Membre du « comité de la statue de Fourier », il participe à l’inauguration du monument en juin 1899 et y prononce un discours où il présente « la pensée de Fourier » comme « celle de l’avenir », ainsi que le montrent « ces sociétés coopératives qui se pressent autour de sa statue, et celles qui se développent en Angleterre, en Belgique, dans le monde entier. Toutes se sont établies sur la formule du maître : Intelligence, capital, travail » [15]. Cette inauguration aggrave les dissentiments entre les deux courants sociétaires ; plusieurs périodiques, dont Le Petit Parisien (5 juin 1899) ayant écrit que Ledrain a parlé au nom des phalanstériens, Alhaiza proteste en déclarant que « M. Ledrain [...] n’a pas eu la moindre part dans l’œuvre, même celle de simple souscripteur » et qu’il n’était que l’« invité de l’“ Ecole phalanstérienne ” [dirigée par Alhaiza], seule initiatrice et réalisatrice, avec les associations coopératives, du monument de Fourier » [16]. Ledrain semble en effet utiliser les relations dont il dispose dans la presse pour mettre en avant l’Union phalanstérienne : en 1900, un compte rendu de l’anniversaire du 7 avril dans L’Éclair, journal auquel il collabore lui-même, déclare que le banquet de l’Union phalanstérienne a réuni « tous les fouriéristes connus » ; Alhaiza réagit violemment en s’attaquant à Ledrain, « si peu phalanstérien » [17] ou « soi-disant phalanstérien » [18].

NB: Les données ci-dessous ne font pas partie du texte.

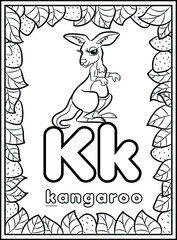 coloring page, alphabet english for kids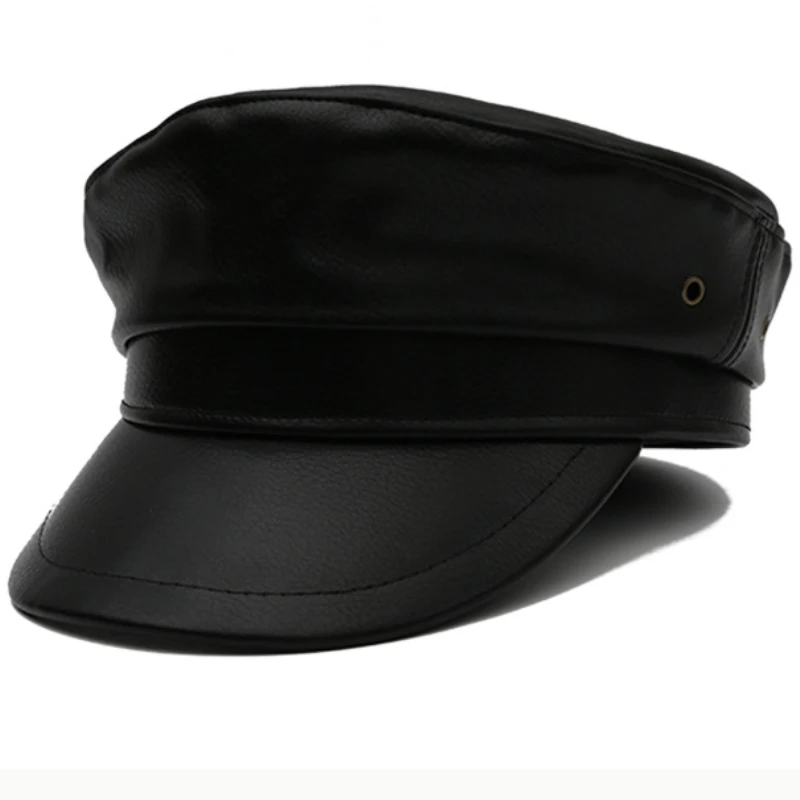 HT2641 Осенняя зимняя шапка шляпа с плоским верхом из искусственной кожи шляпа моряк, капитан кепки Ретро Женские береты женская военная кепка газетчика берет шляпа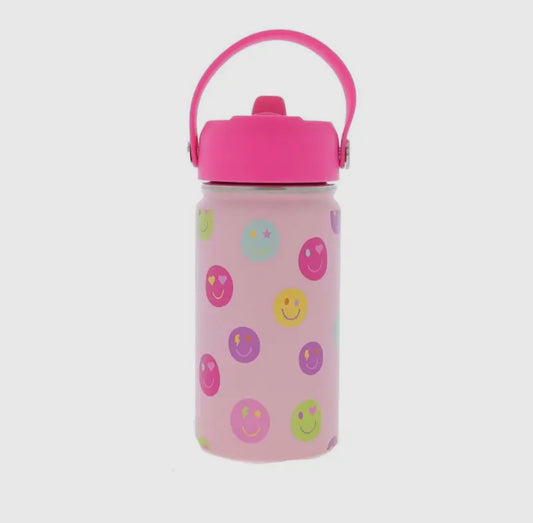 Kids smiley face insulated water bottle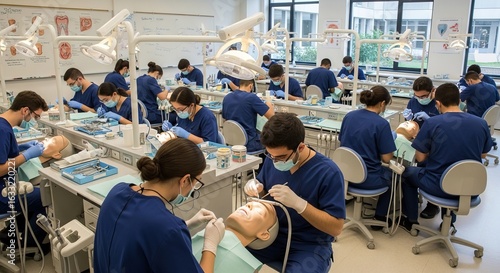 Dental school students practicing dentistry on mannequins in a classroom setting for their education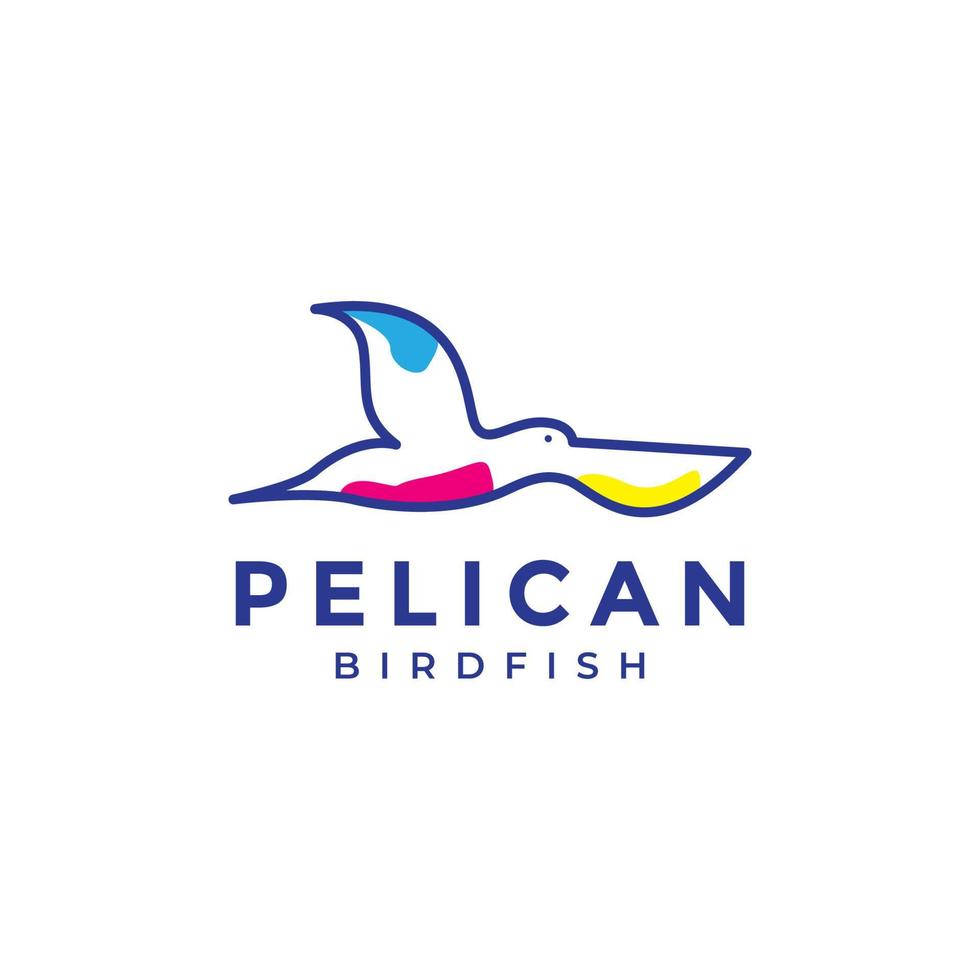 line abstract colorful flying pelican logo design vector graphic symbol icon illustration creative idea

Ledrain reste à la tête de l’Union phalanstérienne au moins jusqu’en 1902 : c’est en tant que tel qu’il figure - comme Alhaiza - parmi les membres du comité de la statue de Considerant, mais pas plus qu’Alhaiza, il ne participe aux décisions concernant la réalisation, puis l’inauguration du monument en août 1901 à Salins [19]. Il est absent de la fête organisée en juin 1901 par l’Union phalanstérienne en l’honneur de Zola, pour fêter la parution de Travail ; mais il représente encore ses condisciples de l’Union aux obsèques de Marie-Louise Gagneur, en 1902 [20].

Puis, il disparaît soudainement des manifestations et entreprises sociétaires. Il est vrai que l’Union phalanstérienne, en ces premières années du XXe XXe siècle, apparaît incapable d’atteindre son but : la réalisation d’un essai pratique. Cet objectif est d’ailleurs maintenant porté par un autre groupe, l’École Sociétaire Expérimentale, où l’on retrouve des membres et des dirigeants de l’Union phalanstérienne, mais pas Ledrain.

Il reste cependant actif dans les domaines de l’éducation populaire (il prononce des conférences dans les universités populaires) et de la libre pensée ; en 1904, il est l’un des membres fondateurs, avec Tarbouriech, Psichari, Alfred Naquet, C.-A. Laisant, du groupe rationaliste des libres penseurs, association qui « a pour objet de compléter l’action des associations similaires, qui travaillent à substituer à une société fondée sur la doctrine chrétienne et la division en classes, une société poursuivant la recherche de la vérité scientifique et la réalisation du progrès moral par l’emploi-exclusif des méthodes rationnelles » [21]. À la fin de sa vie, il préside le Cercle populaire d’enseignement laïque [22].

Cet homme, « petit, replet et voûté, portant un lorgnon retenu par un cordon, parlait d’une voix flûtée, mais avec une lenteur pleine d’onction » [23]. Il meurt en février 1910 et est incinéré au Père-Lachaise [24]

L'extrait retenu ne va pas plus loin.